An excellent meditation from the Reverend Andrew Gray as we approach the Lord in worship on His holy day (Works, pp. 219-220):
If the faith of that saying, which is in John 15:5, "Without me ye can do nothing," were more deeply engraven and stamped upon the tables of our hearts, we would be walking alongst our pilgrimage with the sentence of death in our bosom, and have our confidence fixed on him above; for there is not only an inability in ourselves to do any thing, but also we are clothed with a woeful impossibility, as that word doth hold forth, without me ye can do nothing. And certainly, the lower we descend in the thoughts of our strength, we are the more fit to receive this divine influence from him, by which we are capacitated and rendered able for the doing of every duty.

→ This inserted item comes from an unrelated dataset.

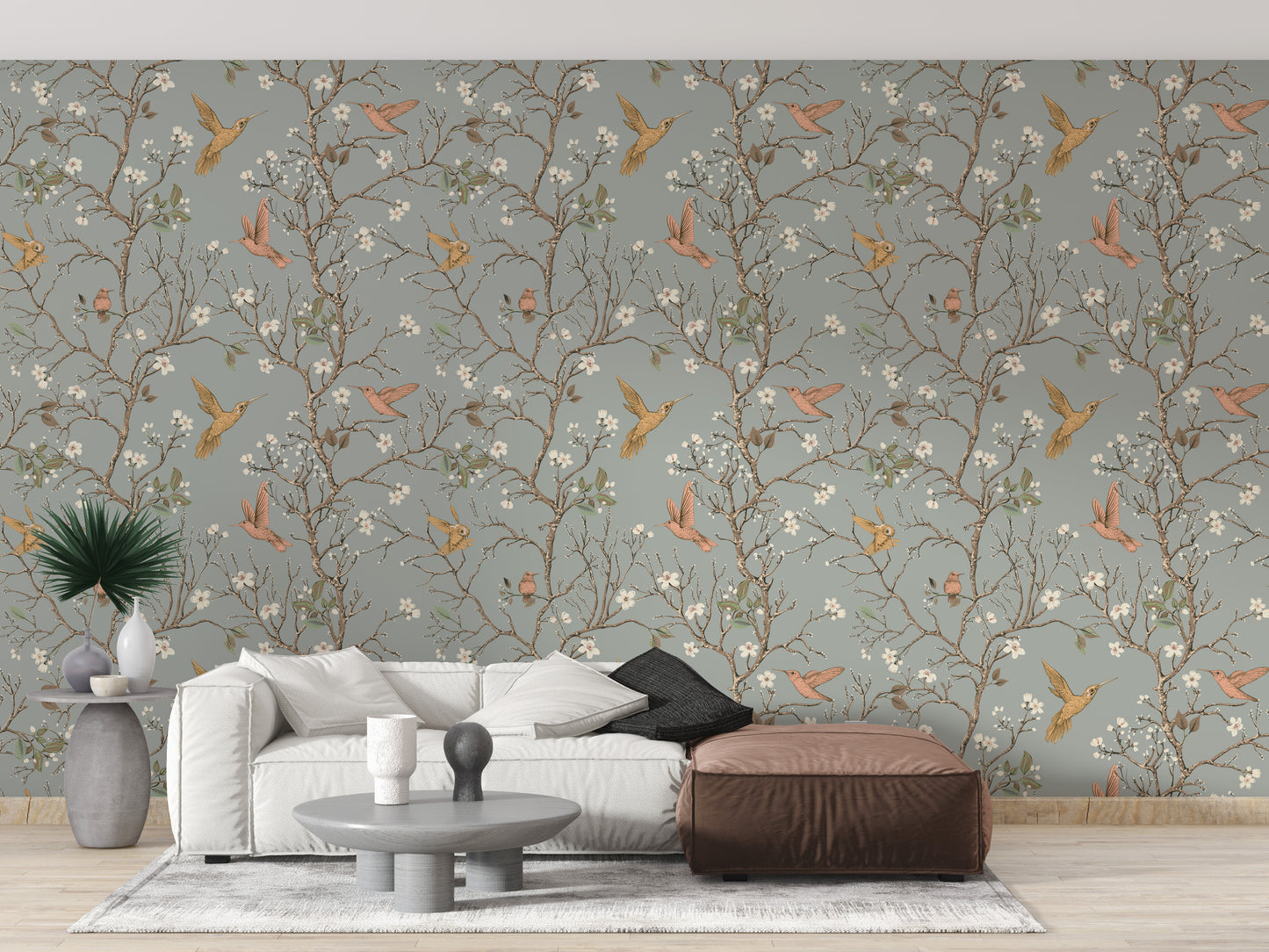 Elegant retro bird and bloom wallpaper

We must likewise make use of Jesus Christ in all our approaches unto God, as one before whom all our prayers must be accepted before him. The sacrifices of Judah cannot come up with acceptance upon that golden altar before the throne, except they be presented by him who is that great Master of request; this is clear from Rev. 8, whereby the angel that is spoken of there, we understand to be the messenger of the covenant; and by that incense, we understand the merits of Jesus Christ, who is that precious veil that is spread over these sinful imperfections of our duties, which they must be mixed with, before they be an acceptable savour unto God. O! how doth he abominate and abhor all our prayers, if they [lack] this precious ingredient, that sweet-smelling incense—the merits of our blessed Lord Jesus Christ! It is he that doth remove all these rovings, and vain impertinences, of ours, that we have in the exercise of that duty, and doth present them in a more divine frame and contexture. He reduces them in a few words, and makes them more effectual for the obtaining of our requests.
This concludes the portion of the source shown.